Ce commentaire a attiré l’attention car il présente la saisie de cryptomonnaies comme un outil d’application actif.
Comme l’a rapporté crypto.news, les autorités américaines ont déclaré avoir saisi près de 1 milliard de dollars en cryptomonnaies liées à l’Iran dans le cadre d’une campagne plus large contre les réseaux financiers de Téhéran. Le même rapport a révélé que Tether avait gelé 344 millions de dollars en USDT sur deux portefeuilles Tron liés aux Gardiens de la Révolution islamique d’Iran, suite à des sanctions et des actions judiciaires. Ces cas illustrent la différence entre les actifs cryptographiques. Les émetteurs de stablecoins peuvent geler directement des jetons lorsqu’ils reçoivent des demandes légales ou de conformité. En revanche, le Bitcoin ne peut pas être gelé par un émetteur, mais les enregistrements publics peuvent toujours faciliter le traçage, les ordonnances judiciaires, les saisies d’échanges et les actions de récupération.
La position de Giustra sur le Bitcoin
Giustra a souvent utilisé le Bitcoin détenu par le gouvernement pour remettre en question le récit de l’or numérique. Il soutient que si les réserves d’État proviennent principalement de confiscations, la résistance du Bitcoin à la saisie est plus faible que ce que ses partisans affirment. Un précédent rapport de crypto.news a noté que le gouvernement américain détenait environ 328 372 BTC en février 2026, ce qui en faisait le plus grand détenteur d’État connu de Bitcoin à l’époque. Pour Giustra, ce point est crucial, car le Bitcoin saisi fait désormais partie des discussions sur les réserves officielles. Il soutient que cela affaiblit l’affirmation selon laquelle le Bitcoin est hors de portée du gouvernement.

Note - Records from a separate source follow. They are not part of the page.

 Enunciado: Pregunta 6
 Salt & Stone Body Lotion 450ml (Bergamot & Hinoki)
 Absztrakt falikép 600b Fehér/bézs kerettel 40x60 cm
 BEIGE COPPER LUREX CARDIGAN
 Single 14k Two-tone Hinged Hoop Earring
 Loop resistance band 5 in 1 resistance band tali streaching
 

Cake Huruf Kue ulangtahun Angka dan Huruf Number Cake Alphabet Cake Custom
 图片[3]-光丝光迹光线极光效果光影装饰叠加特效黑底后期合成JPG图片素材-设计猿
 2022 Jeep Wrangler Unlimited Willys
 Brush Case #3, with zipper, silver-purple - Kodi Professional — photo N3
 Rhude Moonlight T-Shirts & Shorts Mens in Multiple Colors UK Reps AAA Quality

Les partisans du Bitcoin rétorquent souvent que la garde personnelle offre aux utilisateurs plus de contrôle que les dépôts bancaires ou les soldes d’échanges. Ils affirment également que les phrases de récupération mémorisées et les transferts de pair à pair peuvent réduire la dépendance aux intermédiaires. L’argument de Giustra se concentre sur le risque pratique. Il souligne que les utilisateurs sont toujours confrontés à des traçages, des pressions légales, des contrôles aux frontières, une surveillance des échanges et des risques de sécurité personnelle s’ils sont liés à des portefeuilles spécifiques.

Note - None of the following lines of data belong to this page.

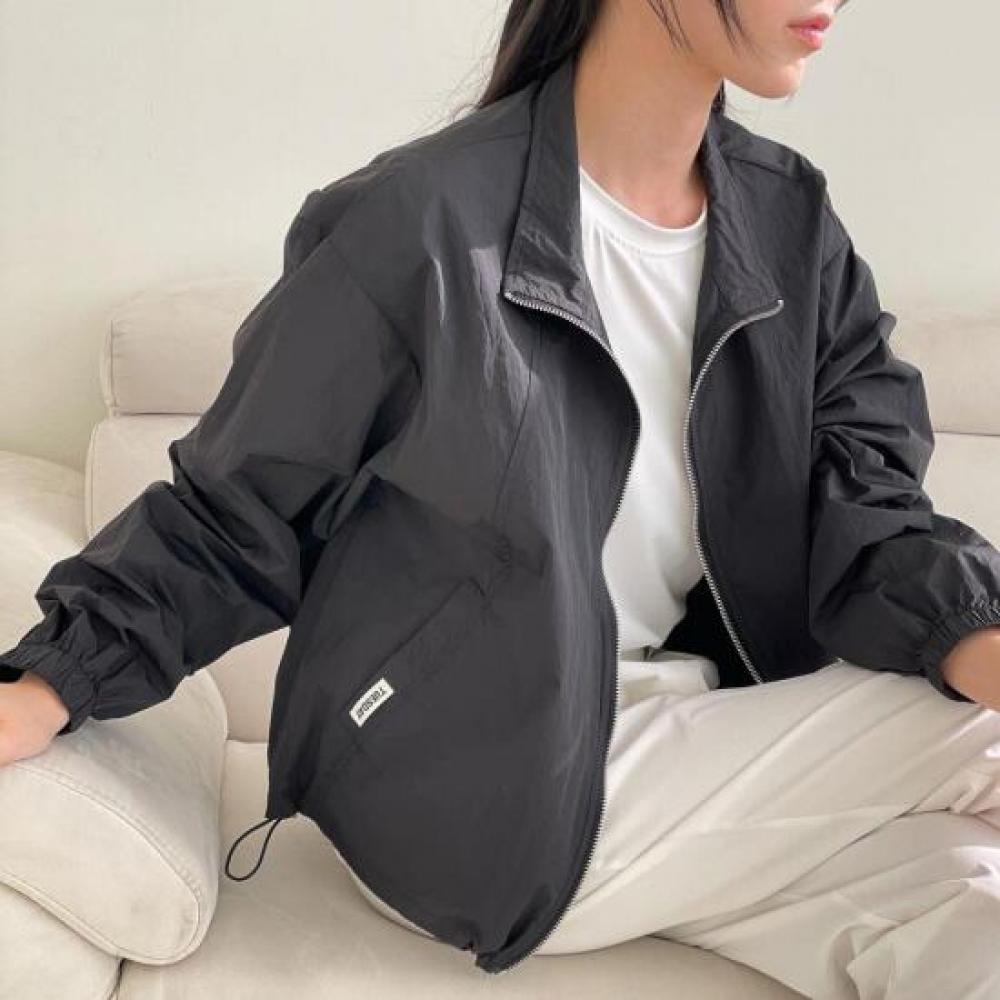 New ArrivalS Open Run Women S Collar Neck Patch Windbreaker Jumper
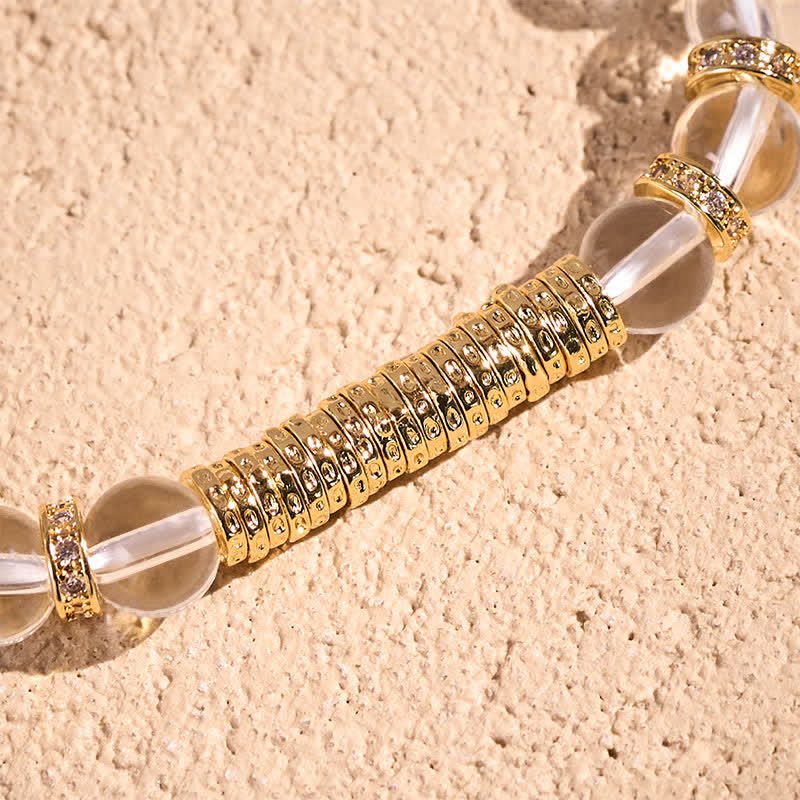 Buddha Stones Bracciale protettivo con quarzo trasparente naturale e citrino per il viaggio. - image 3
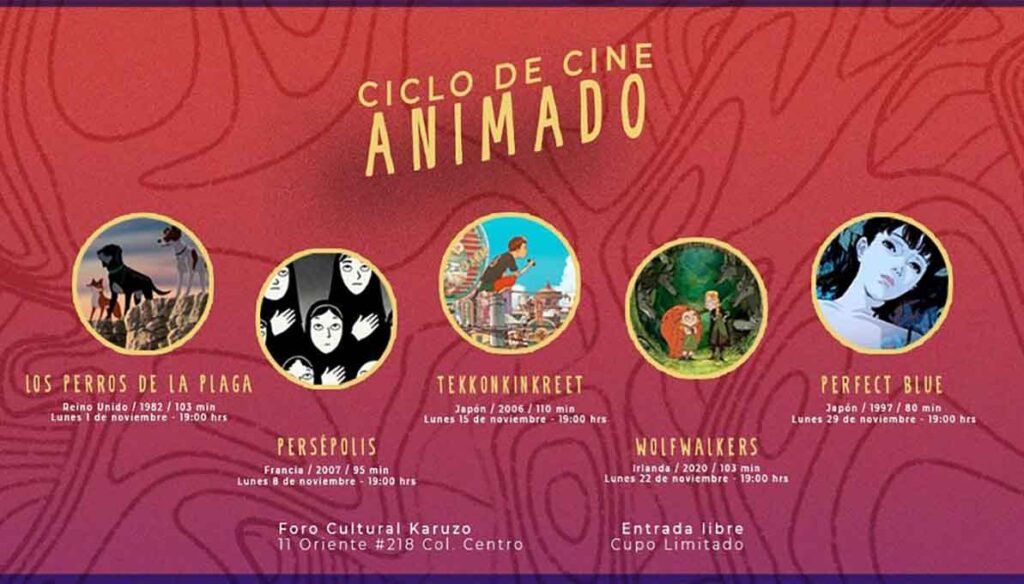 ciclo de cine foro cultural karizo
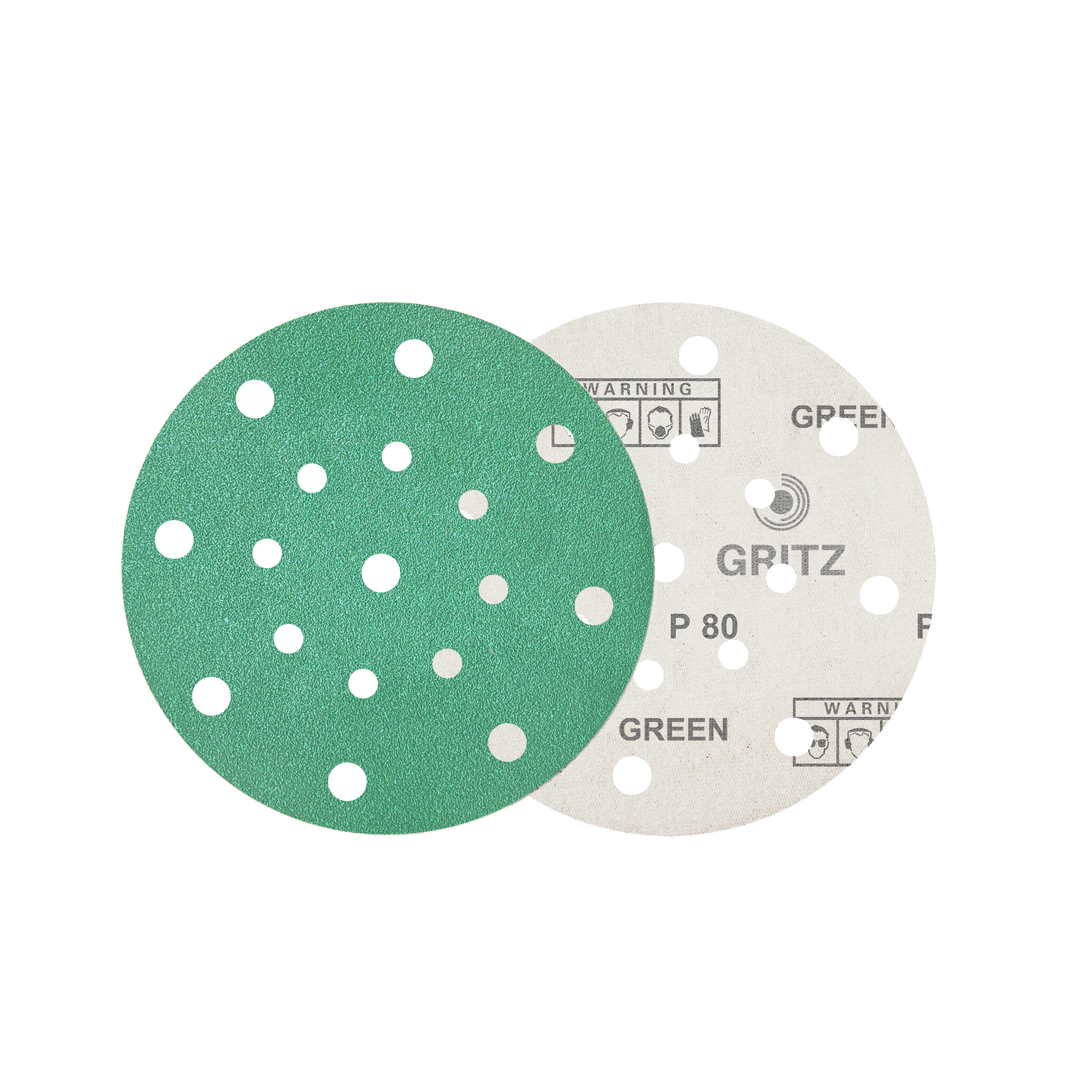 Green velcro disc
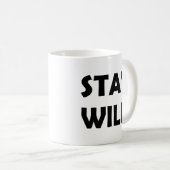 Wild leben | Freies Abenteuer Kaffeetasse (VorderseiteRechts)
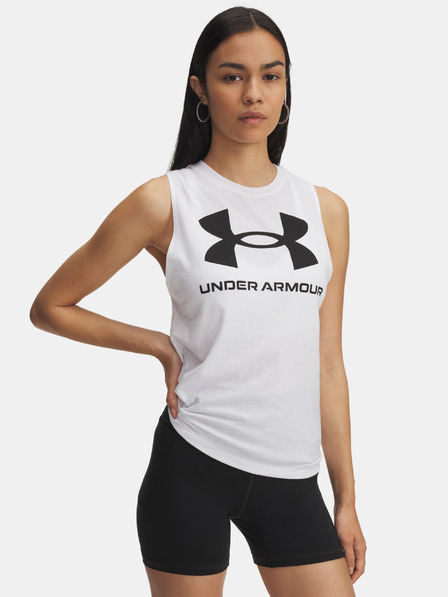 Under Armour Dámske tielko Under Armour UA Logo Tank-WHT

Conclusion : Bitcoin vs Or
Le débat entre le Bitcoin et l’or s’est intensifié alors que les investisseurs recherchent des actifs en dehors des monnaies fiduciaires. Les partisans du Bitcoin mettent en avant son offre fixe, sa transférabilité mondiale et son indépendance vis-à-vis des banques centrales. En revanche, les défenseurs de l’or soutiennent que l’or physique a un historique plus long, aucun suivi numérique public et ne nécessite pas de règlement basé sur Internet. Giustra a réaffirmé que le Bitcoin se comporte davantage comme un actif spéculatif que comme un véritable refuge. Ses derniers commentaires ne nient pas la valeur marchande du Bitcoin, mais soulèvent la question de savoir si la cryptomonnaie mérite le même statut de protection que les investisseurs attachent souvent à l’or.
Le débat se situe désormais entre deux réalités. Le Bitcoin offre aux détenteurs un contrôle direct lorsqu’ils utilisent la garde personnelle, mais les gouvernements peuvent toujours tracer les transactions et saisir des actifs par le biais d’intermédiaires, d’ordonnances légales ou de cas de récupération. Pour l’instant, l’argument de Giustra maintient la pression sur l’un des récits les plus forts du Bitcoin. Si la cryptomonnaie peut être tracée et saisie, dit-il, elle ne devrait pas être considérée comme de l’or numérique de la même manière que le lingot physique.